A specter is haunting U.S. intellectual life," the bulletin warned, "the
specter of Left Conservatism." Students and faculty at the University of
California, Santa. Cruz, returning from winter break found the campus
papered with provocative fliers. They alluded to a specter animated by
"hostility to the anti-foundationalist theoretical work of the 1980s and
1990s" that can be glimpsed in the "anti-theory polemics" of The Nation and
Socialist Review and in "attacks on critical theory" by three individuals:
feminist writers Katha Pollitt and Barban Ehrenreich and physicist Alan
Sokal. (Sokal is best known for submitting a deliberately nonsensical
article to a serious journal, which the journal published---to test the
intellectual standards underlying some fashionable critiques of rationality
and science.

Such "left conservatives" were accused of "an attempt at
consensus-building...that is founded on notions of the real," and of "an
uneasy convergence with the anti-relativists on the right." A workshop on
left conservatism--to which none of the defendants were invited--was
scheduled for January 31 and featured well-known theorists Paul Bové,
Joseph Buttigieg, Judith Butler and Wendy Brown. It seemed to be the
kickoff of a public-relations campaign to reassert the hegemony of
"anti-foundationalism", otherwise known as postmodernism, and to discourage
further impertinence from its increasingly numerous critics on the left.
[Buttigieg is a well-known Gramsci scholar. How poor Gramsci would dragged
into this dubious project is anybody's guess.]

The workshop got off to a very different start, however, when the speakers
arrived at an auditorium filled with people reading a bright red one-page
counterdocument titled "'Left Conservatism' or Left Factionalism?" Signed
by sixteen U.C.S.C. graduate students (including myself), it challenged the
bulletin's characterization of any criticism of "anti-foundationalism,, as
"anti-theoretical" and "conservative" and criticized the organizers'
'establishment of a tribunal for those with different opinions. The
intervention of the counterdocument changed the tone of the workshop, as
speakers fell over themselves backing away from the initial announcement,
leaving the moderator, U.C.S.C. literature professor Chris Connery, with
the dubious credit of its authorship.

As the speakers proceeded with their prepared remarks, it became
increasingly difficult to determine what "left conservatism" actually
meant. Connnery repeated the original indictments, charging in addition
that writers like Politt, Ehrenreich and Sokal (as well as Michael Moore,
whom he accused of "populist liberal centrism") are "anti-sixties" and that
The Nation is "arguably moving to the right" through its association with
them. Bové offered an excellent critique of fellow postmodernist Richard
Rorty.
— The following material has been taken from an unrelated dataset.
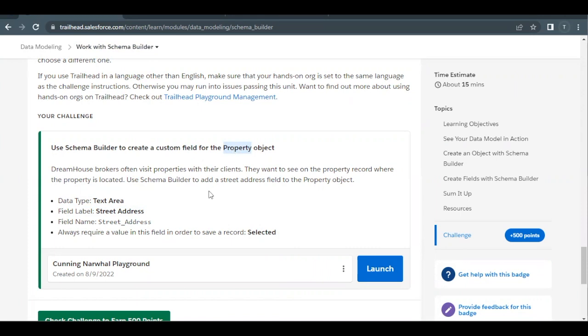Make sure you are using the Trailhead playground which contains this Property object, or you can use the same Trailhead playground which we have used in our first and second unit of this module. Now the gist of this challenge is to create a custom field on Property object, but we are not going to use the conventional method.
Butler conceded that Pollitt and Ehrenreich don't deserve to be
characterized as conservatives but described a "new orthodoxy" of socially
conservative Marxists who want to revive an "anachronistic materialism" as
a tactic for marginalizing feminist, queer and racial justice politics.
These characters certainly sounded frightening, though it  remains an open
question how many of them actually exist outside, say, the Spartacist
League. Most disturbing was Brown's use of "left conservatism" to
characterize the positions of anyone  who "refused" the insights of her
favorite postmodern theorists--anyone, it turned out, who still wants to
talk about truth, reality, materiality, oppressive social systems,
revolutionary social transformation or the need for a united radical
movement (anyone, in other winds, who disagrees with Brown about these
things).

After the challenge posed by the counterdocument and the criticisms voiced
by a series of students, faculty and activists, it seemed as if a
constructive dialogue might begin. Butler, to her credit, said that since
postmodernism implies a commitment to the continual questioning of
everything, the questioning of postmodernism itself should be welcome.
There was an emerging consensus on all sides that name-calling should be
avoided---at least until Paul Bové re-entered the conversation. Not only
did be defend the term "left conservatism', to describe people like Sokal,
who, he claims, shares the values of Rush Limbaugh, he insisted that
postmodernism is a technical, professional language that nonspecialists
should neither attempt to criticize nor expect to understand.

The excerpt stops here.